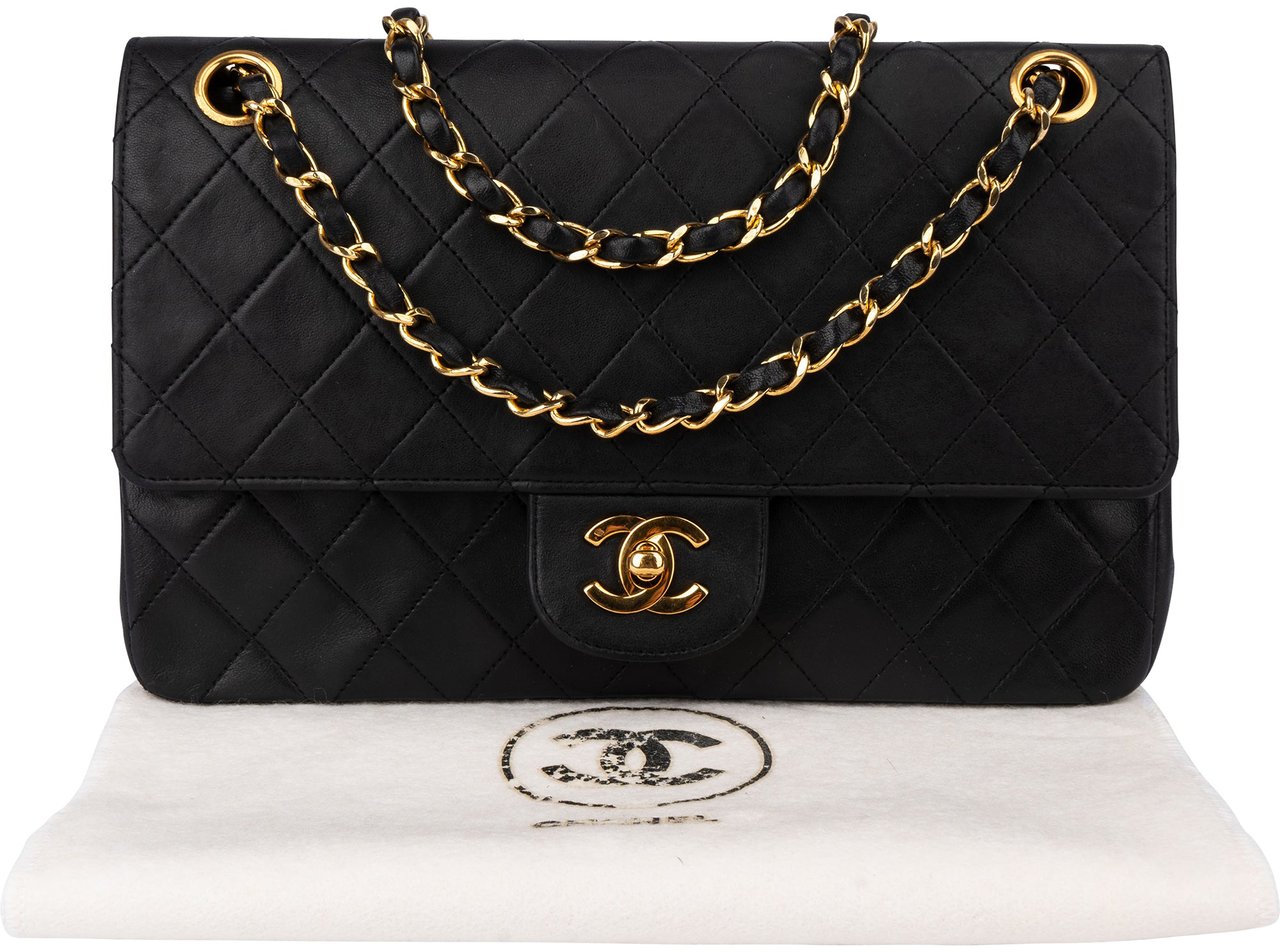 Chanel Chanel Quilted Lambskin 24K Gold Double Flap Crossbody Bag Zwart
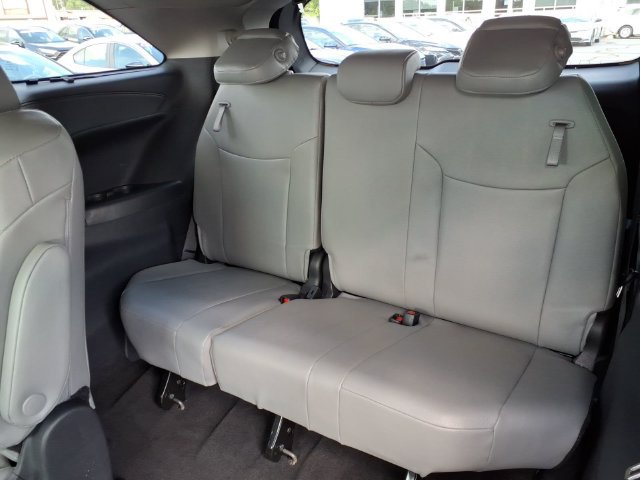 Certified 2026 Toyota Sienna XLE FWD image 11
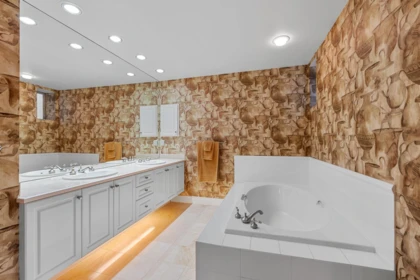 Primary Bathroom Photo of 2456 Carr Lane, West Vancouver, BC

* * *

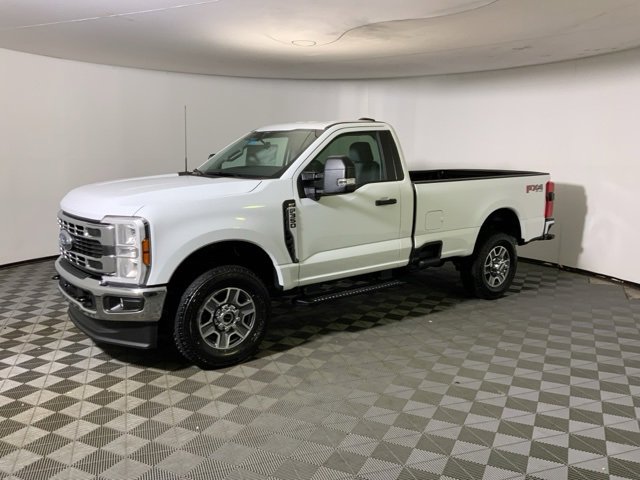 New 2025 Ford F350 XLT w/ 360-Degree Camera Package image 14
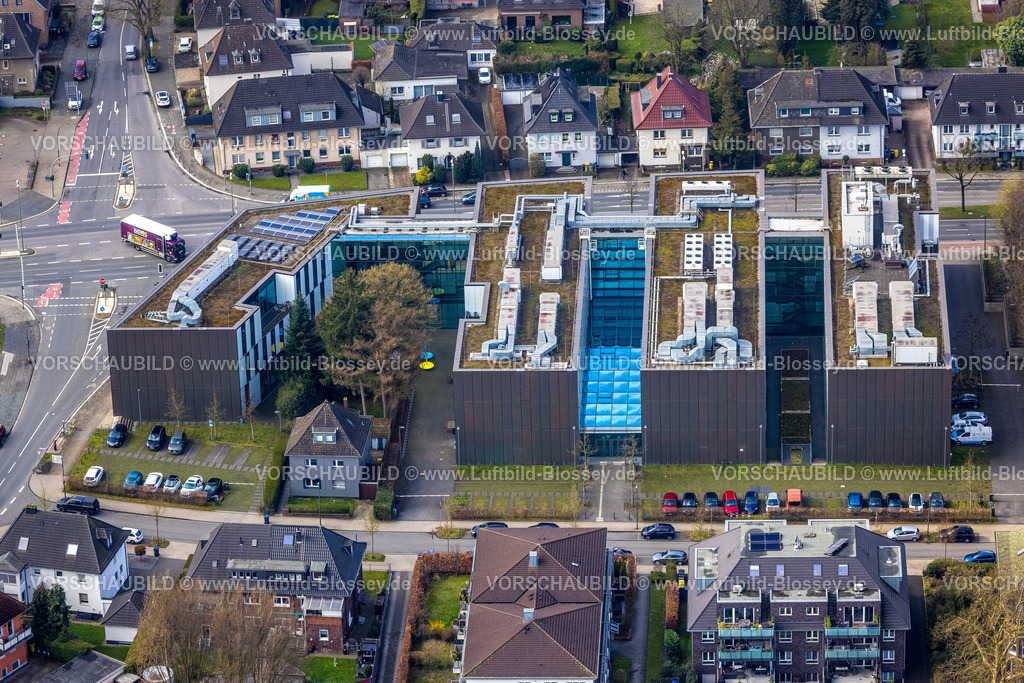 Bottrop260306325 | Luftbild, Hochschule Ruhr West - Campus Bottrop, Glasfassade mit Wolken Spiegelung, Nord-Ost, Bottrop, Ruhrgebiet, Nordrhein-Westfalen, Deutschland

> [EXERCISE]:
The stretch to restate runs from the line above containing "New 2025 Ford" through the line containing "Bottrop260306325 | Luftbild, Hochschule". Copy it word for word, ends included, without pictures.

> [REPLY]:
 New 2025 Ford F350 XLT w/ 360-Degree Camera Package image 14
 Bottrop260306325 | Luftbild, Hochschule Ruhr West - Campus Bottrop, Glasfassade mit Wolken Spiegelung, Nord-Ost, Bottrop, Ruhrgebiet, Nordrhein-Westfalen, Deutschland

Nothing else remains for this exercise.